En fin, más allá de cualquier disputa etimológica, lo cierto es que a diferencia del nombre de la especie de su protagonista, el argumento de El Hobbit es sencillo y claro; tanto que, comparado con su continuación El Señor de los Anillos, podría tildarse incluso de ingenuo.
Como dice Florencia Rampoldi en su
trabajo Señor de los Mitos sobre el
mundo de la Tierra Media, El Hobbit
reúne todas las cualidades de un “cuento de hadas” pero va más allá, en
respuesta del anhelo de Tolkien por encontrar el trasfondo común de los cuentos
tradicionales que una vez fueron parte de un contexto mitológico mucho más
amplio y hoy día olvidado. Los cuentos de hadas, aunque con una naturaleza muy
similar, se muestran aislados los unos de los otros, sin que el lobo de
Caperucita parezca tener relación alguna con la rueca de la Bella Durmiente o
la rosa de la Bella y la Bestia con la manzana envenenada de Blancanieves. No
hay una historia compartida que los conecte, una relación que de sentido al
entramado fantástico en que se encuadran, y este hecho dejaba a Tolkien
insatisfecho. El trabajo de los Hermanos Grimm al reunir los cuentos y
narraciones tradicionales de Alemania puede catalogarse casi de esfuerzo
arqueológico, especialmente en lo relativo a su Deutsche Mythologie, donde se registraron las historias antiguas de
la mitología teutónica; sin embargo esto no daba respuesta a la pregunta a la
que Tolkien (apellido de origen germánico) daba vueltas sin cesar: ¿cómo eran
estas historias antes de ser convertidas en “cuentos para niños”, cuando
servían para alimentar el sentir de los hombres? Incapaz de encontrar una
respuesta de manos de otros autores, Tolkien decidió responderse a sí mismo, y
lo hizo con El Hobbit.
La historia de Bilbo Bolsón, un hobbit tranquilo, ocioso y de estómago grande que se ve evuelto en una aventura: la de ayudar a recuperar el tesoro perdido a un grupo de enanos errantes y matar al dragón que se lo ha arrebatado. Un argumento aparentemente simple y directo que, sin embargo, alcanza un nivel de profundidad mucho mayor.

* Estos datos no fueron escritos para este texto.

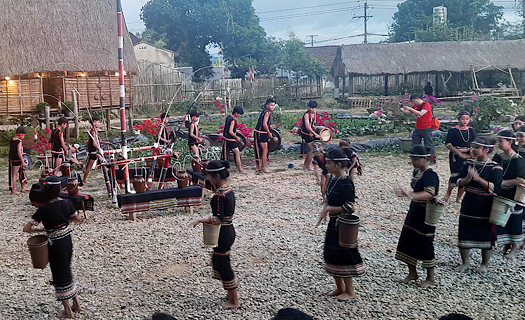 Đến Kon Kơ Tu xem kể khan trên thổ cẩm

Al escribir El Hobbit, Tolkien tuvo presente el Voluspä o Visión de Sybil,
una de las crónicas mitológicas más importantes escritas en noruego antiguo
(lengua que Tolkien conocía muy bien) y que narra el Ragnarok, el crepúsculo de
los dioses nórdicos, de forma muy poética. En dicho tratado aparece un listado
de nombres que nos resultan muy familiares: Bifur, Bombur, Bofur, Nóri, Orinn,
Oinn, Fili y Kili; nombres de ocho de los enanos que llaman a la puerta verde
de Bilbo Bolsón en busca de ayuda y compañeros del príncipe enano sin trono
bajo la montaña: Thorin Escudo de Roble.
Del mismo modo, podemos encontrar a Dáin, y Thror, parientes de Thorin,
mientras que los nombres restantes Dwalin, Gloin Dori y el propio Thorin Escudo de Roble se traslucen en vocablos semejantes siguiendo la
estela de Fundin y el mítico enano Durin. Sin embargo lo más llamativo aparece
en el nombre de Gandalf, el mago de
aspecto humano que, sin ser hombre, ni elfo, ni enano, viaja junto a la
compañía de Thorin como un espíritu guía y guardián que ve más allá de lo que se ve.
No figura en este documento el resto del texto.